→ **Required action**
Without the pictures, restate all of the data below word for word.

→ **Data extract**
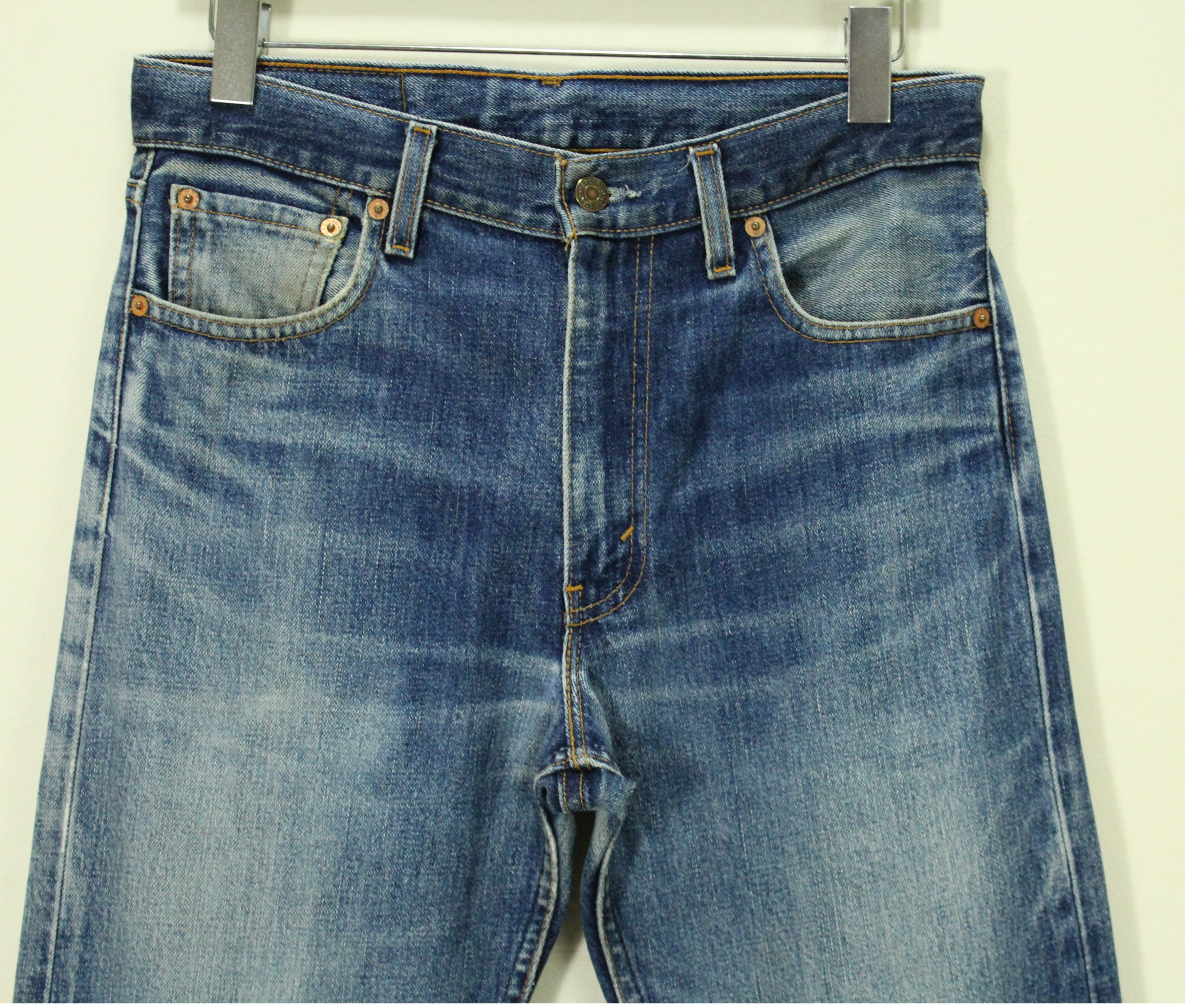 Levi's Vintage 2000 LEVIS 505 Jeans Vtg Levi's Jeans Size US 31 - 4 Thumbnail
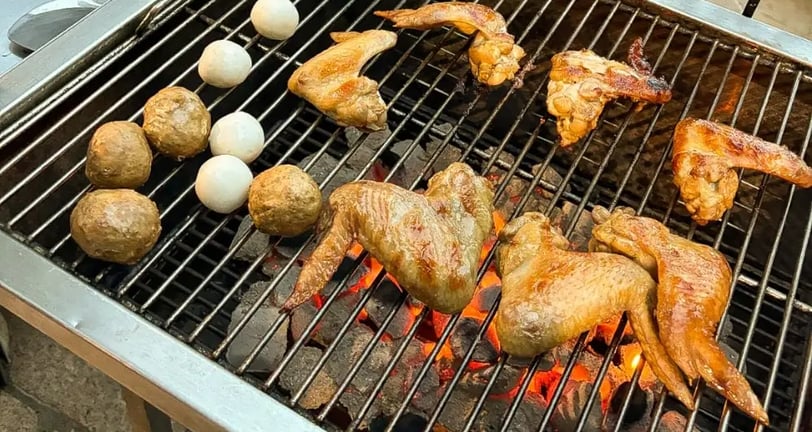 loma parties hong kong bbq catering service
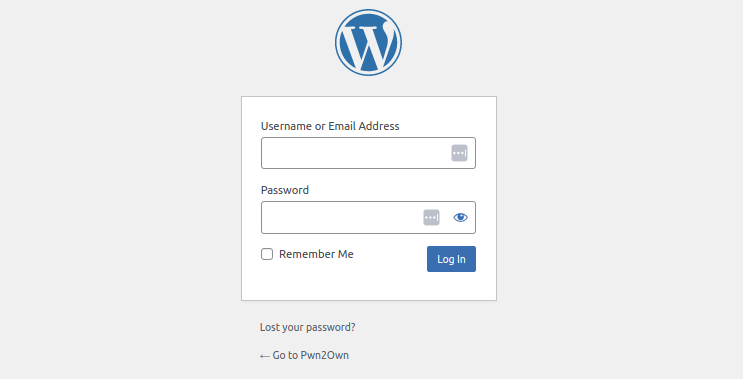 wp-login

→ **Response area**
 Levi's Vintage 2000 LEVIS 505 Jeans Vtg Levi's Jeans Size US 31 - 4 Thumbnail
 loma parties hong kong bbq catering service
 wp-login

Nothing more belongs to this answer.